James Ole Serian, head of the joint army and police operation, said troops had swept the forest and destroyed hideouts used by the militants, who say they target Kenya for sending troops into Somalia with an African force fighting al-Shabaab there.

"We are having a permanent base set up within the forest that will be used by both our military and police to ensure continuous security," he told Reuters, adding that "around 10" suspected militants who refused to surrender had been killed. In addition, he said at least 36 had been detained.

In 2014, about 100 people were killed by al-Shabaab militants in the Mpeketoni area of Lamu County, next to the Boni forest.

Last year, Ole Serian said they had destroyed five al-Shabaab hideouts in the forest and recovered a cache of arms.

Related: West Africa's Pirates Are Changing Tactics Because of Cheap Oil

Kenya has beefed up security in Lamu County and Lamu town, a popular tourist destination where visitor numbers have declined in the wake of the militant attacks. Lamu lies near the Somali border.

Meanwhile, the government's threats to close Dadaab camp, home to about 350,000 Somali refugees, have grown louder. Following the April 2015, Garissa attacks officials began to claim they would shut down the the facility and forcibly return residents back to Somalia, citing concerns Dadaab was being used by militants. On Monday, Kenya said it was drawing up a timetable for the closure. The United Nations, the United States, and other rights groups have urged Kenya to reconsider.

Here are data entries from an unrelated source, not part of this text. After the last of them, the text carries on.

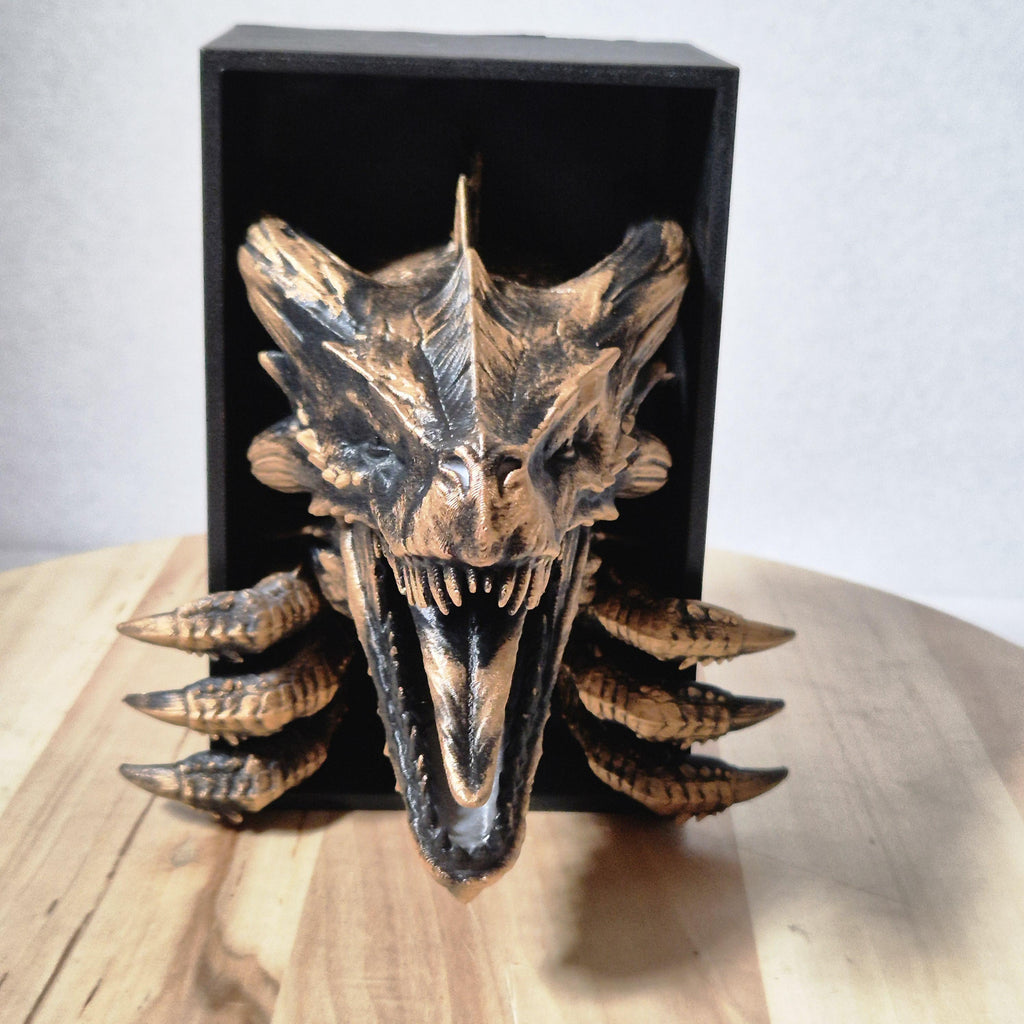 Book Nook Dragon Awakens Sculpture - Fairy Tale Decor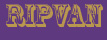 Ripvan - a one act play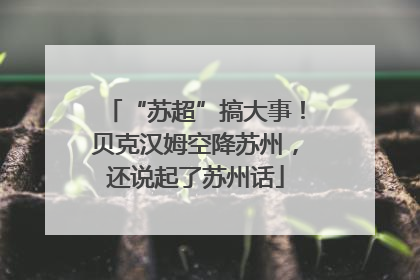 “苏超”搞大事！贝克汉姆空降苏州，还说起了苏州话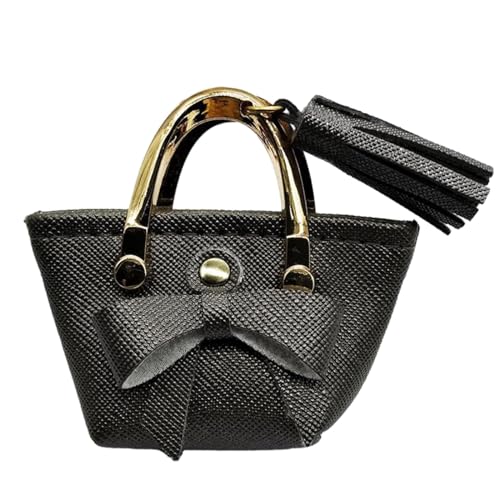 Baoblaze Miniatur Handtasche Puppe 1:6, Miniatur Einkaufstasche Langlebig, Puppenhaus Einkaufstasche, Modernes Puppenhaus Damen Handtasche für 12-Zoll-Actionfiguren, BJD, DIY-Geschenk, Schwarz von Baoblaze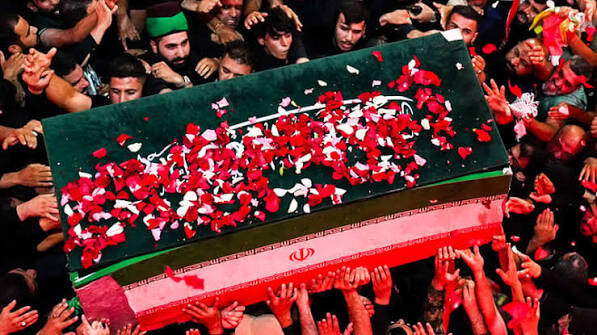 The Grand Funeral Procession of Iran's Martyred Leader in Iraq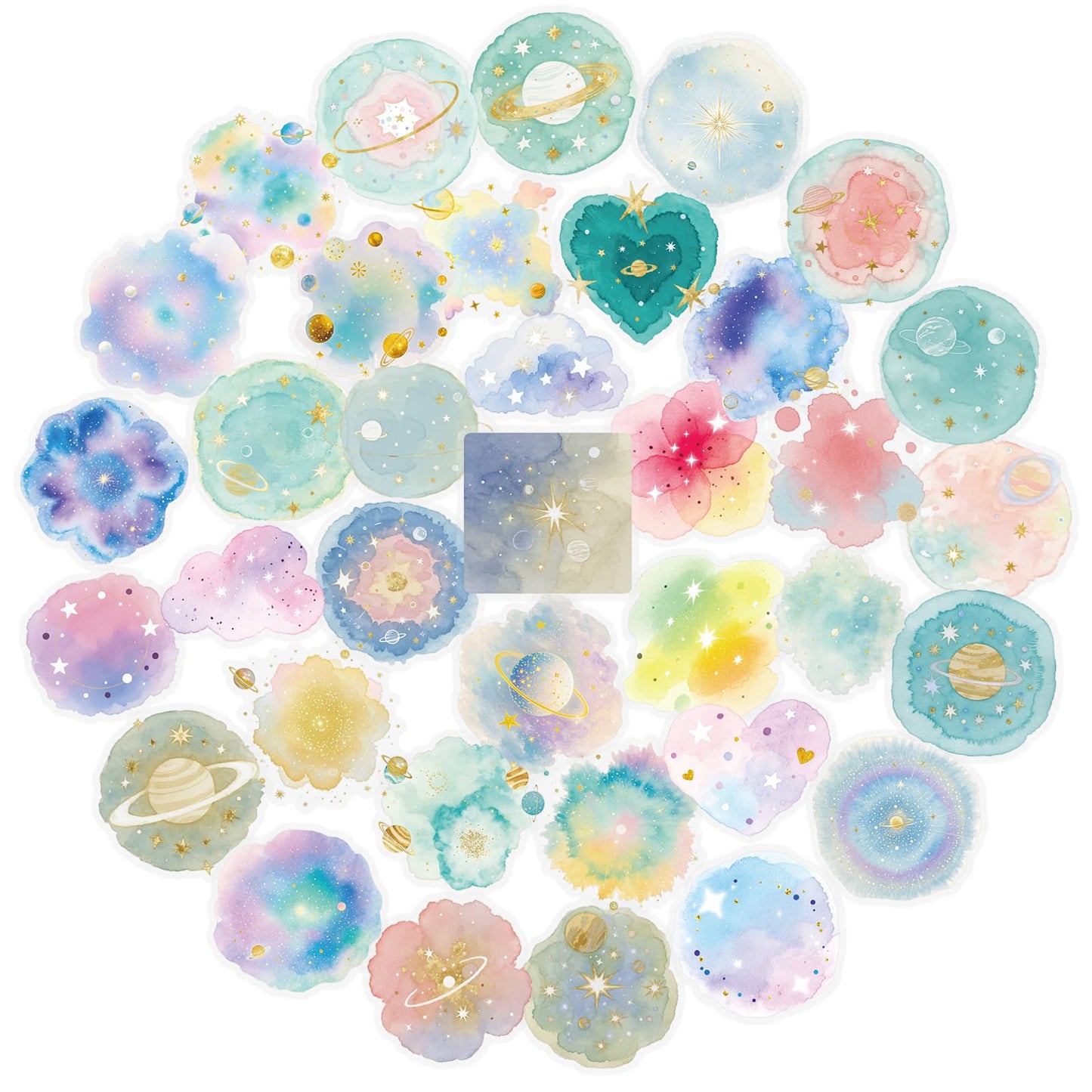 56PCS Dreamy Planet Stickers Pack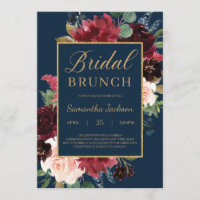 Almofada floral de bronze floral com marinho de Bo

Across the border in Somalia, al-Shabaab was hit with another blow on Thursday after US forces in Somalia launched an airstrike on Thursday that killed five al-Shabaab fighters, the latest in a series of US military operations targeting the organization, the Pentagon said.

The US forces had been advising Ugandan soldiers with the African Union mission during an operation against an illegal taxation checkpoint when the Ugandans got into a firefight with 15-20 al-Shabaab fighters. Pentagon spokesman Captain Jeff Davis said no American forces were wounded on the ground during the incident, which took place west of the Somali capital of Mogadishu.

Related: Somali Firing Squad Executes Two al-Shabaab Members Who Assassinated Female Journalist

"US forces were not involved with this firefight. We were nearby but not directly involved ourselves," Davis told a Pentagon news briefing, adding that the American forces were further back from the fighting, acting in an advisory role.

Abdiasis Abu Musab, al-Shabaab's military operation spokesman, denied al-Shabaab took any casualties from what he described as a US drone strike. Musab said that US forces arrived in armored vehicles and were repulsed by al-Shabaab fighters.

"There were no casualty. The US forces retreated," he told Reuters.

The United States currently has about 50 military personnel inside Somalia and has repeatedly targeted the group in recent months, including a strike on a senior al-Shabaab leader in April and another on a training camp in March that killed some 150 fighters.

Al-Shabaab, whose name means "The Youth," seeks to impose its strict version of sharia, or Islamic law, in Somalia, where it frequently unleashes attacks targeting security and government targets, as well as hotels and restaurants in the capital. The group was pushed out of Mogadishu by African Union peacekeeping forces in 2011 but has remained a potent antagonist in Somalia, launching frequent attacks in its bid to overthrow the Western-backed government.